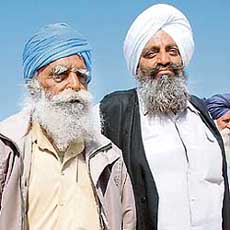 Angrej Singh, visually impaired brother of Sukhdev Singh Babbar, slain chief of the Babbar Khalsa, and his cousin Harbans Singh on their way to the polling station in Dassuwal on Saturday.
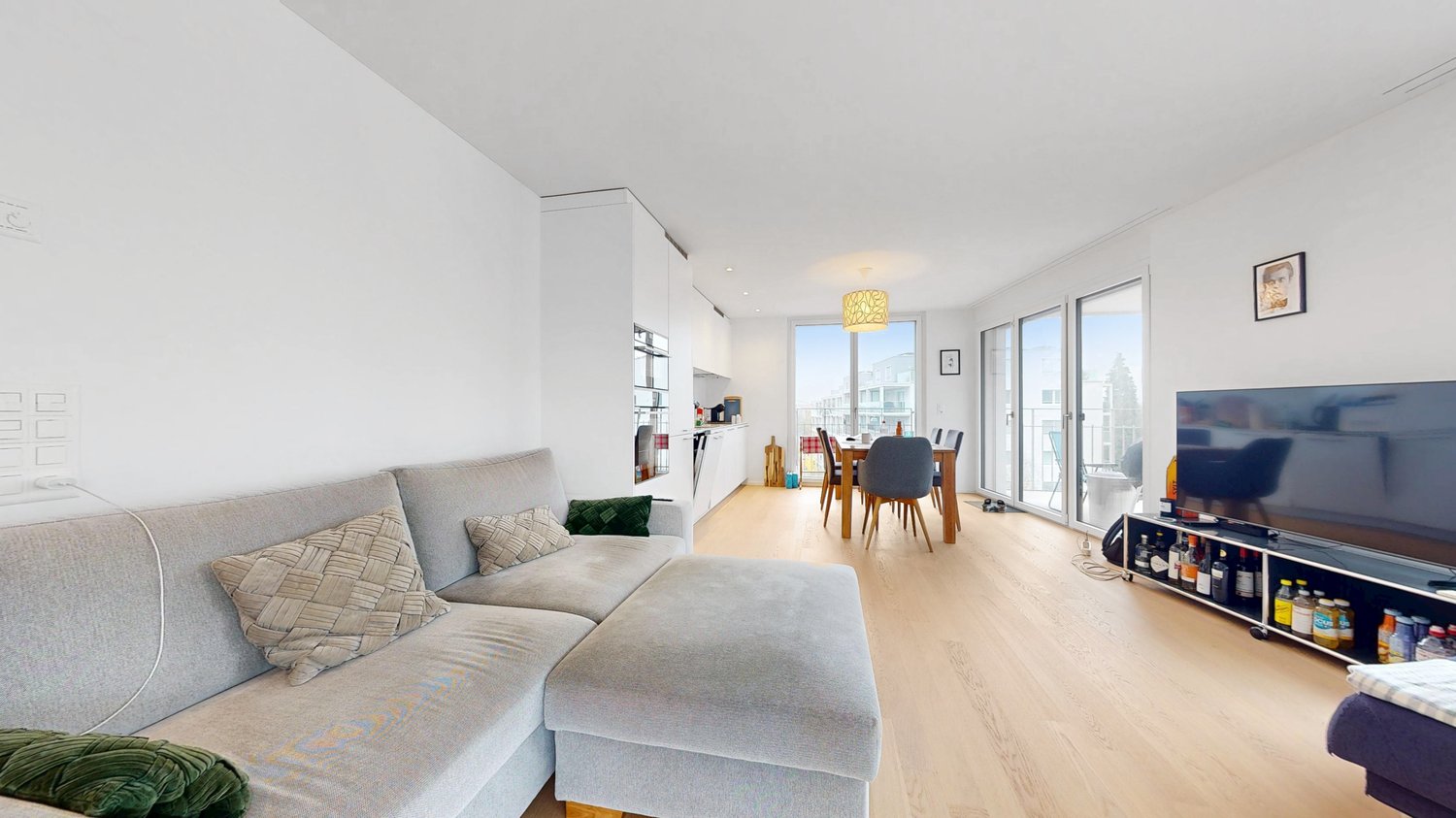 contemporary style living room, gray couch, dining table, flat screen TV, wooden floors, open floor plan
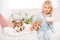 Cute child sitting on bed with pembroke welsh corgi dogs and holding bowl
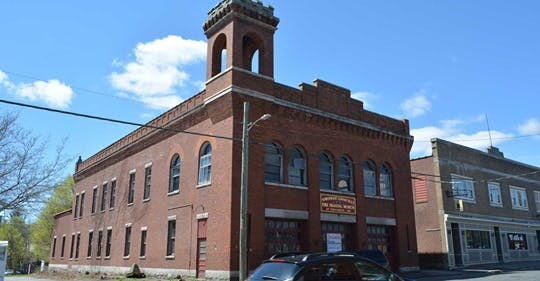a small clock tower in front of a brick building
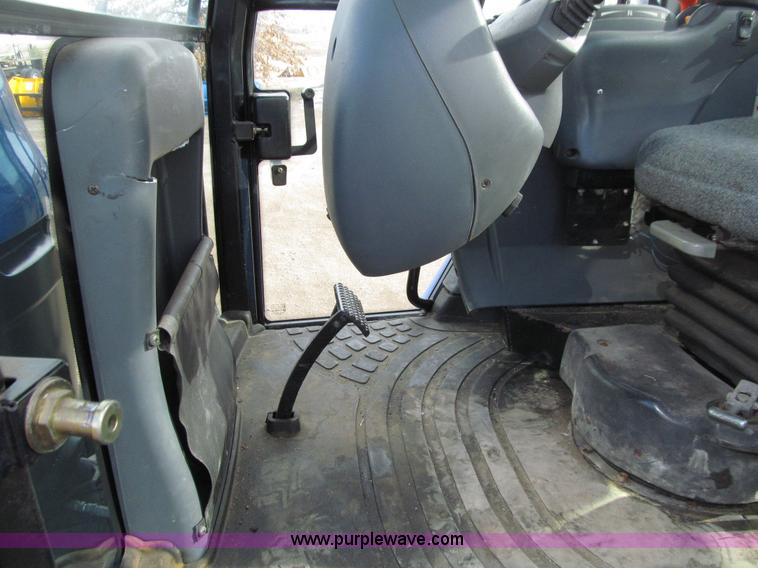 image for item E4647 2002 New Holland TV-140 bi-directional MFWD  tractor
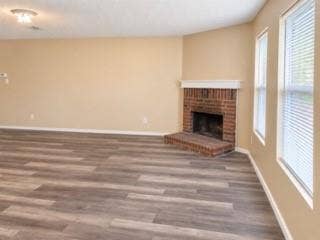 Wood-finish flooring, brick fireplace with a white mantel, and multiple windows with blinds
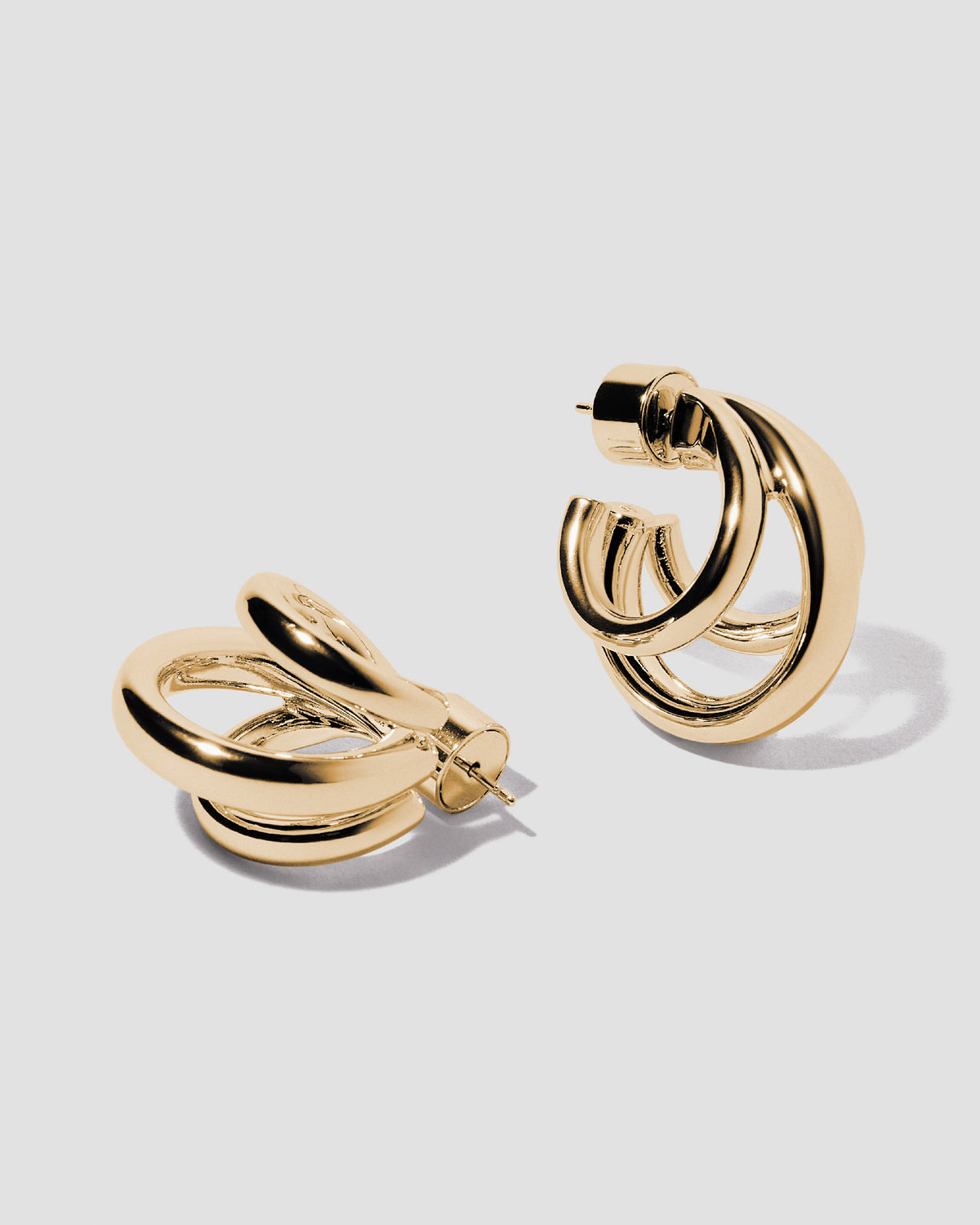 Triple Lilly Huggies earring - alternate angle | gold huggie earrings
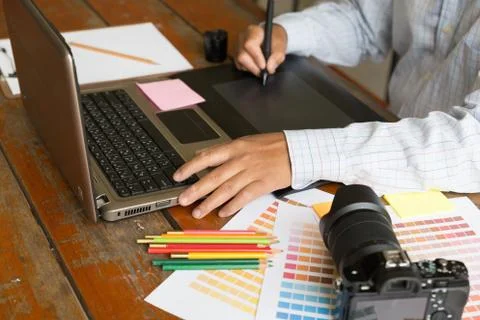 Freelance graphic designer using digital tablet, computer, man working with.. Foto stock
━━━━━━━━━━━━━━━━━━━━
**The problem**
Without the pictures, extract every entry verbatim.

**Answer to this exercise**
 Angrej Singh, visually impaired brother of Sukhdev Singh Babbar, slain chief of the Babbar Khalsa, and his cousin Harbans Singh on their way to the polling station in Dassuwal on Saturday.
 contemporary style living room, gray couch, dining table, flat screen TV, wooden floors, open floor plan
 Cute child sitting on bed with pembroke welsh corgi dogs and holding bowl
a small clock tower in front of a brick building
 image for item E4647 2002 New Holland TV-140 bi-directional MFWD  tractor
 Wood-finish flooring, brick fireplace with a white mantel, and multiple windows with blinds
 Triple Lilly Huggies earring - alternate angle | gold huggie earrings
 Freelance graphic designer using digital tablet, computer, man working with.. Foto stock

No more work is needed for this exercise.